As earlier announced, Poland's biggest gas firm, state-run PGNiG, said that it did not intend to extend its long-term deal on gas supplies with Gazprom. The gas firm seeks to wean itself off Russian-sourced energy after 2023. This marks Russia's and Gazprom's failure while exposing the immense success of Poland's incumbent authorities who, since coming to power in 2015, have made consistent efforts to vary the country's energy supplies to cut off reliance on Russia and build up Warsaw's energy security. Poland says it will be able to do without Russian gas after the current gas deal terminates.
The Polish-Russian Yamal contract, signed back in 1996, will remain in force until December 31, 2022. Under the deal, Poland gets 10 billion cubic meters (bcm) of gas per annum. According to a Gazprom-imposed take-or-pay clause, Poland is obliged to buy at least 8.7 billion cubic meters of gas annually. President of the PGNiG Management Board, Piotr Woźniak, said that the financial terms of the Gazprom contract were unfavorable, with Poland being bound to pay up to 1 billion zlotys per year ($260 million). PGNiG's gas deal with Gazprom has long not been in line with market conditions, deteriorating Polish gas consumers' position in relation to other European customers. Bearing in mind exorbitant energy prices, unfavorable deal conditions and Poland's fear of Gazprom's use of gas flows as a tool of political pressure, PGNiG notified Gazprom Export of its intent to terminate the contract for purchase and sale of natural gas. The Yamal agreement requires that the parties formally submit declarations regarding future cooperation three years before the deal expires; if not notified by any of the parties, the contract will be prolonged automatically. Poland has long made attempts to reduce the price of Russian-sourced gas supplies, managing to diminish the rates by 10 percent back in 2012. In 2015, PGNiG filed a suit against Gazprom to the Stockholm Arbitration Court, arguing that the price of gas in the current agreement was overestimated and did not correspond to the situation on the European energy market. Both gas firms are still awaiting the final ruling, scheduled for late 2019 and early 2020, with Poland hoping to win the case.
In 2018, Poland's demand for gas was 20 bcm, with domestic production of 4 bcm. About 60 percent of Poland's demand came from Gazprom. PGNiG has reduced Russian gas flows by 21 percent since the beginning of this year. In the first three quarters of 2019, Poland's LNG purchases raised significantly, at the expense of gas shipments from Russia. The share of Russian energy in Poland's total gas imports dwindled by 17 percent, attaining the level of 58 percent, while 75 percent in a year-to-year comparison, with a simultaneous increase in LNG's shares in total gas imports, from 18 to 23 percent. From January to September 2019, Poland's Świnoujście gas terminal received 22 offshore liquefied natural gas supplies, compared to as many as 16 in a year-to-year comparison.

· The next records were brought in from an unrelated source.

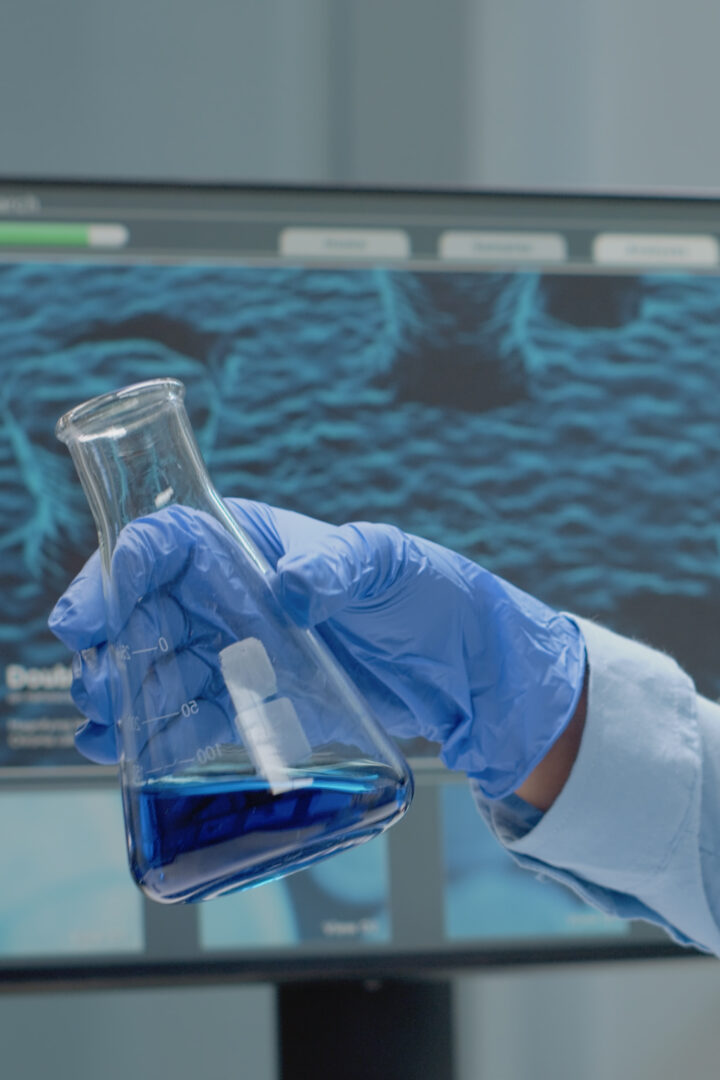 Laboratory scientist analyzing chemical glass beaker with liquid at scientific research clinic. Doctor using biology equipment and glassware studying solution and blood for development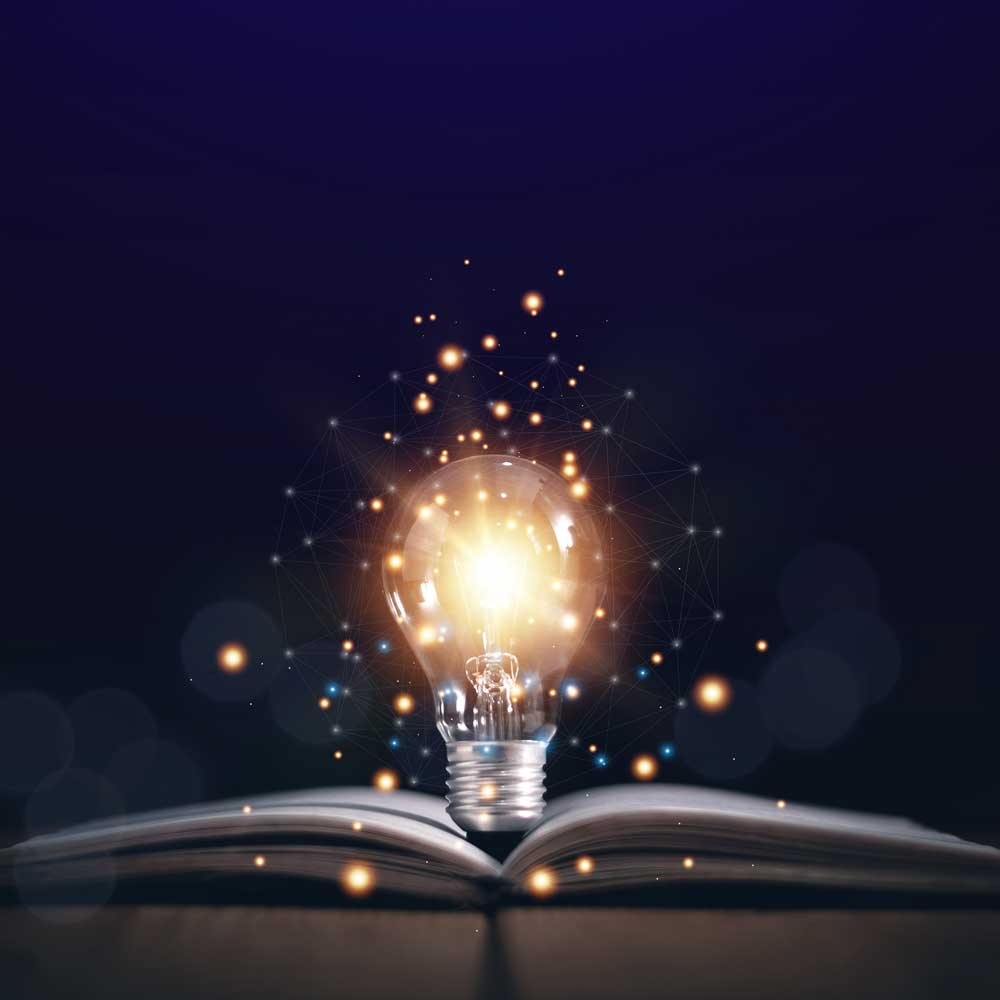 A glowing light bulb emits bright, warm light while floating above an open book. Small particles of light and interconnected lines surround the bulb, creating a magical and innovative atmosphere against a dark background, reminiscent of an improv stage transforming into a social therapeutic space.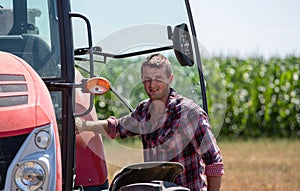 Farmer entering tractor in field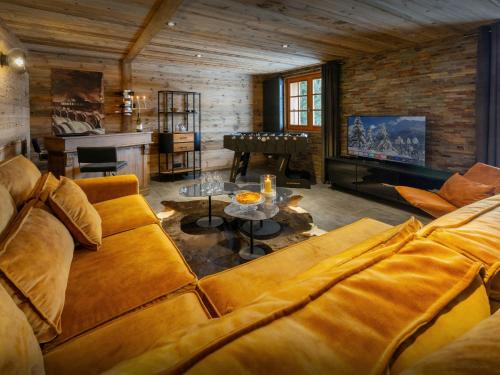 - un salon avec un canapé et un piano dans l'établissement Chalet Loisel - OVO Network, à Saint-Jean-de-Sixt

Poland's decision to diversify its gas supplies will allow for terminating the Yamal gas contract. PGNiG has taken in the last four years some actions aimed at diversifying Poland's energy supplies. The efforts to reduce dependency include importing liquefied natural gas from the United States, Qatar, and Norway. Poland's gas firm has struck long-term LNG supply deals, including with U.S.-based companies. Under the accords PGNiG has already inked, the company is bound to receive 1.45 million tons of LNG annually from U.S.-based Cheniere after 2022 (within the 24 years) and 2 million tons from Venture Global throughout twenty years. Importantly, PGNiG says that U.S. firms supply LNG flows at an entirely competitive price to that offered by Gazprom for its supplies running through Russia-based pipelines. PGNiG holds shares in 26 exploration and production licenses on the Norwegian Continental Shelf. Once completed, Baltic Pipe will allow the transfer to Poland of 2.5 billion cubic meters of gas.